Windsor

Local assessment centre, pharmacies see spike in COVID-19 test demand amid second wave

Even though Lacie Krzemien knew she had been a close contact of a confirmed COVID-19 case, she still had to book an appointment and wait to get tested. 

Some are waiting up to 3 days to get a COVID-19 test

A medical staff (L) wearing protective gear takes samples for the Covid-19 test from a visitor at a testing station in Seoul on November 27, 2020. (Jung Yeon-Je/AFP/Getty Images)

Even though Lacie Krzemien knew she had been a close contact of a confirmed COVID-19 case, she still had to book an appointment and wait to get tested. 

"I think what should change is anyone that wants to get tested and is saying they have a close contact should be tested and even waiting 24 hours for me was very stressful," she told CBC News. 

Krzemien works with Windsor's Overdose Prevention Society and is helping to house people from Tent City. After a man they housed tested positive, Krzemien knew she had to get tested as she said she was a close contact. 

But, because of a province-wide rule, she wasn't able to just walk-in.

Yet, Krzemien isn't the only one who had to wait.
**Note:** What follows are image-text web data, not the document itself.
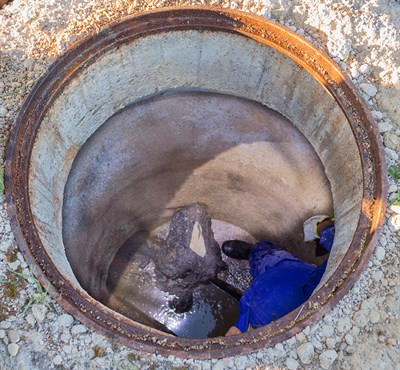 Aguas de Cuenca repara la obstrucción del colector de aguas residuales de Nohales 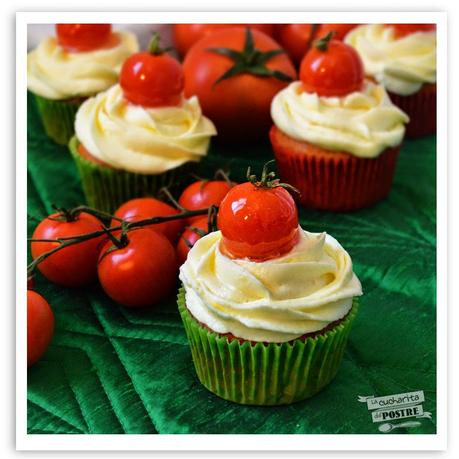 CUPCAKES DE TOMATE CARAMELIZADO Y PIÑONES / PINE NUTS AND CARAMELIZED TOMATO CUPCAKES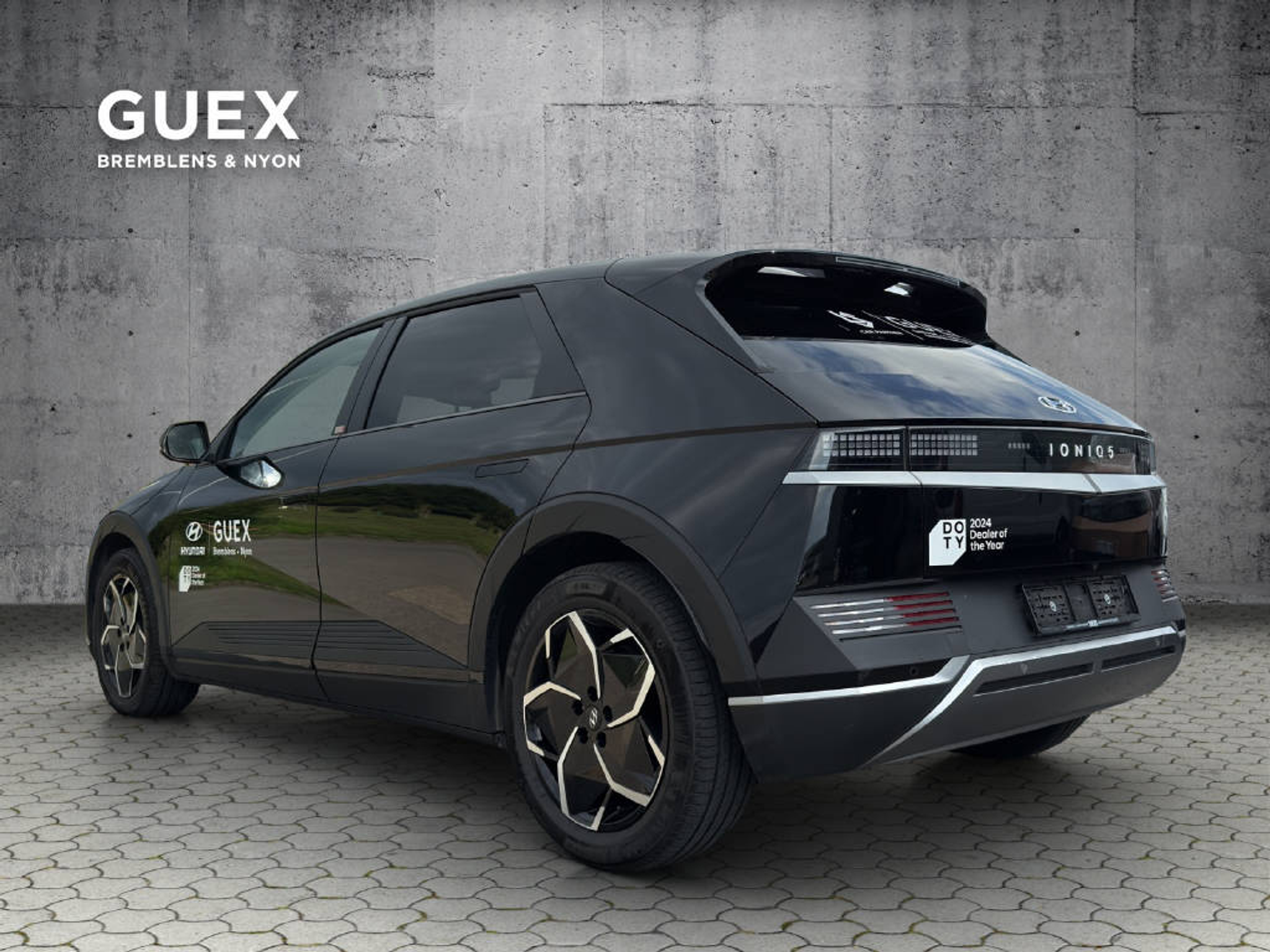 listing desktop thumbnail image 2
Pharmacies conducting tests and one local assessment centre is finding the demand for testing in Windsor-Essex has spiked in recent weeks as cases continue to climb. 

On Thursday, the Windsor-Essex County Health Unit (WECHU) reported 63 new COVID-19 cases and 19 outbreaks. 

WECHU CEO Theresa Marentette said in some cases there could be up to a three-day wait for an appointment at assessment centres, though lab results are coming in within a day or two. 

Dr. Ross Moncur, chief of staff at Erie Shores HealthCare, says they are increasing the capacity at their assessment centre due to the heightened demand for testing. (Ousama Farag/CBC)

Testing demand has more than doubled

"All of that combined, there is a little bit of delay in people getting tested and then getting their results at this time," she said.

Erie Shores HealthCare Chief of Staff Ross Moncur told CBC News Thursday that they're testing more than 160 people per day at their assessment centre, which is more than double what they were seeing back in October. 

"As the cases have gone up, [we] have seen increased number of folks looking to be tested," he said. "So our teams have regrouped. This is a year of re-invention and we have re-invented our assessment centre a few times now and in response to the demand we'll be increasing the capacity at the assessment centre by about 20 per cent immediately with eyes to increase it further than that in the coming weeks as we see what happens with demand." 

Pharmacist Tim Brady is the owner of Brady's Drug Stores in Essex, Ont. and Beller River, Ont. He says they are providing tests for asymptomatic people and the wait is between one to two days. (Amy Dodge/CBC)

The wait time to get a test is about two days right now, Moncur said, adding that he hopes that will decrease as they increase their capacity on Friday. 

He said they are also willing to set up another assessment centre, though it all comes down to having enough staff on hand. 

Meanwhile, pharmacist Tim Brady of Brady's Drug Stores in Essex, Ont. and Belle River, Ont., who has been testing at his Essex location for about a month says he's also seeing an increased demand. 

"It's definitely escalating, the amount of people that are coming in," he said. 

The pharmacy performs tests for asymptomatic people only, Brady said, meaning it's for those who need a test for work or travel. 

"These are people that we need to make sure aren't positive so that they don't potentially be the spreader to a bigger issue," he said. 

They are doing tests three to four days a week and people are typically waiting a day or two to get in.

His pharmacy is receiving results in 48 to 72 hours.